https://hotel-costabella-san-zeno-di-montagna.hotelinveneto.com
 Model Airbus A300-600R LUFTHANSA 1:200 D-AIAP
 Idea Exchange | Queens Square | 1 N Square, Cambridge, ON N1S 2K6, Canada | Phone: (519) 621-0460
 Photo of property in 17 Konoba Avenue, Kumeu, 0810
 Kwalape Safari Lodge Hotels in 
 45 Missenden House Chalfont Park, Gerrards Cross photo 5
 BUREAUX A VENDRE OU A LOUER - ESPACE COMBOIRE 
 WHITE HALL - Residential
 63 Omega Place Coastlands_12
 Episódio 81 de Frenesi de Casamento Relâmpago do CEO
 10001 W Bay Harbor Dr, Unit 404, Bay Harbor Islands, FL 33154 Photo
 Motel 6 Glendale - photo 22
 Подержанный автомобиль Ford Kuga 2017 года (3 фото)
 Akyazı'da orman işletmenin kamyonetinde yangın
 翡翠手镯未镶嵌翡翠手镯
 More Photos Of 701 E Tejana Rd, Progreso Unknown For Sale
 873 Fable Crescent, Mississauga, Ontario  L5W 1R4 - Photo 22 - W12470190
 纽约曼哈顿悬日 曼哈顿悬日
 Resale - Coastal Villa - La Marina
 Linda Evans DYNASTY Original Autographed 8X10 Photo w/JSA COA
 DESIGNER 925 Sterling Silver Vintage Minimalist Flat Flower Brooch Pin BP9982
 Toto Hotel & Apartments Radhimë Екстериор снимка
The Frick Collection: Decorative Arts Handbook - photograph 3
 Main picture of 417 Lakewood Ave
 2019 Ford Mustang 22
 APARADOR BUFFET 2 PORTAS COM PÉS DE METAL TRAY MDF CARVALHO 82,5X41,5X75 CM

→ YOUR OBJECTIVE:
Copy out exactly the line that holds "DESIGNER 925 Sterling" and all remaining lines of the listing, both the first and the last included.

→ SOLUTION:
 DESIGNER 925 Sterling Silver Vintage Minimalist Flat Flower Brooch Pin BP9982
 Toto Hotel & Apartments Radhimë Екстериор снимка
The Frick Collection: Decorative Arts Handbook - photograph 3
 Main picture of 417 Lakewood Ave
 2019 Ford Mustang 22
 APARADOR BUFFET 2 PORTAS COM PÉS DE METAL TRAY MDF CARVALHO 82,5X41,5X75 CM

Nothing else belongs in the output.